Au cœur du projet : la rénovation de la ligne des Alpes et l’amélioration de l’axe Marseille-Briançon, longtemps considéré comme l’un des parents pauvres du réseau national. Devant les élus locaux et les représentants institutionnels, le président du groupe SNCF a insisté sur l’urgence d’investir dans des infrastructures vieillissantes afin de garantir la pérennité des dessertes alpines.
Le chantier annoncé est considérable. Près de 342 millions d’euros doivent être mobilisés pour renouveler plus de 150 kilomètres de voies, moderniser la signalisation, rénover des ouvrages d’art et sécuriser plusieurs points sensibles du réseau. Les travaux concerneront notamment les branches Grenoble, Valence, Briançon et Aix-en-Provence.

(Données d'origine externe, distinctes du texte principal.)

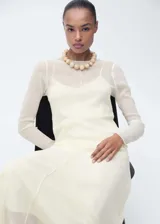 Vestido largo color crema, de corte recto y diseño semitransparente. Incluye forro interior y mangas largas.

Pour Jean Castex, ces investissements dépassent le seul cadre olympique. Ils doivent permettre de reconnecter durablement les Alpes du Sud aux grandes métropoles régionales et de renforcer l’attractivité du train dans des territoires où la voiture reste souvent incontournable.
Cette offensive ferroviaire intervient alors que la fréquentation des trains progresse fortement. SNCF Voyageurs observe une hausse continue du trafic depuis plusieurs années, tandis que les lignes régionales retrouvent progressivement des couleurs. Reste désormais à transformer l’essai sur un réseau parfois fragilisé par des décennies de sous-investissements.
À Briançon, le message était clair : sans modernisation massive du rail, les ambitions de transition écologique et de désenclavement territorial resteront difficiles à atteindre.